Splitting the data helps our model to predict more accurately because the model would be trained and tested with multiple data. Here the train and testing data is divided as 70 and 30.

In [None]:
X_train, X_test, y_train, y_test = train_test_split(X, y, test_size=0.3, random_state=42)

In [None]:
# Fitting and predicting the trained values to the Lassor Regression Model
reg.fit(X_train, y_train)
pred = reg.predict(X_test)
# Printing the first five predicted values
pred[1:5]


**Plotting Lasso Regression**

In [None]:
plt.figure(figsize= (6, 6))
plt.title("Visualizing the Regression using Lasso Regression algorithm")
sns.regplot(x=pred, y=y_test, color = "teal")
plt.xlabel("New Predicted Price (MSRP)")
plt.ylabel("Old Price (MSRP)")
plt.show()

**Providing statistical information that supports the model**

This step involves printing the results such as the Mean Absolute Error, Mean Squared Error Coefficient, Intercept and the r²_score. Out of these three, the r²_score is the important metric. It determines the accuracy or the score of the model. I have also included the score of the other algorithms such as Linear Regression, Random Forest.

In [None]:
print("Mean Absolute Error is :", mean_absolute_error(y_test, pred))
print(" — — — — — — — — — — — — — — — — — — — — — — — ")
print("Mean Squared Error is :", mean_squared_error(y_test, pred))
print(" — — — — — — — — — — — — — — — — — — — — — — — ")
print("Coeffients are : ", reg.coef_)
print(" — — — — — — — — — — — — — — — — — — — — — — — ")
print("Intercepts are :" ,reg.intercept_)
print(" — — — — — — — — — — — — — — — — — — — — — — — ")
print("The R2 square value of Lasso is :", r2_score(y_test, pred)*100)

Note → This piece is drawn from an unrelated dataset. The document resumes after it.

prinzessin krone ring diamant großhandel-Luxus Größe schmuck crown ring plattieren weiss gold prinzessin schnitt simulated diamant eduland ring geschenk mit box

**Random Forest Regression model**

In [None]:
model = RandomForestRegressor()
model.fit(X_train, y_train)
pred = model.predict(X_test)

plt.figure(figsize= (6, 6))
plt.title("Visualizing the Regression using Random Forest Regression algorithm")
sns.regplot(pred, y_test, color = 'teal')
plt.xlabel("New Predicted Price (MSRP)")
plt.ylabel("Old Price (MSRP)")
plt.show()


In [None]:
model = RandomForestRegressor()
model.fit(X_train, y_train)
pred = model.predict(X_test)
print("Mean Absolute Error is :", mean_absolute_error(y_test, pred))
print(" — — — — — — — — — — — — — — — — — — — — — — — ")
print("Mean Squared Error is :", mean_squared_error(y_test, pred))
print(" — — — — — — — — — — — — — — — — — — — — — — — ")
print("The R2 square value of RandomForest Regressor is :", r2_score(y_test, pred)*100)
print(" — — — — — — — — — — — — — — — — — — — — — — — ")

**Linear Regression model**

In [None]:
model = LinearRegression()
model.fit(X_train, y_train)
pred = model.predict(X_test)
plt.figure(figsize= (6, 6))
plt.title("Visualizing the Regression Linear Regression Algorithm")
sns.regplot(pred, y_test, color = 'teal')
plt.xlabel("New Predicted Price (MSRP)")
plt.ylabel("Old Price (MSRP)")
plt.show()

In [None]:
print("Mean Absolute Error is :", mean_absolute_error(y_test, pred))
print(" — — — — — — — — — — — — — — — — — — — — — — — ")
print("Mean Squared Error is :", mean_squared_error(y_test, pred))
print(" — — — — — — — — — — — — — — — — — — — — — — — ")
print("Coeffients are : ", model.coef_)
print(" — — — — — — — — — — — — — — — — — — — — — — — ")
print("Intercepts are :" ,model.intercept_)
print(" — — — — — — — — — — — — — — — — — — — — — — — ")
print("The R2 square value of Linear Regression is :", r2_score(y_test, pred)*100)

**Discussion**
These models have the power to predict the outcome of future instances. The models predict the price (MSRP) of the car given the specifications or other features of the car. The model overall gives a score of 74.5% (Lasso Regression), 80.5% (Random Forest Regression), and 74.5% (Linear Regression).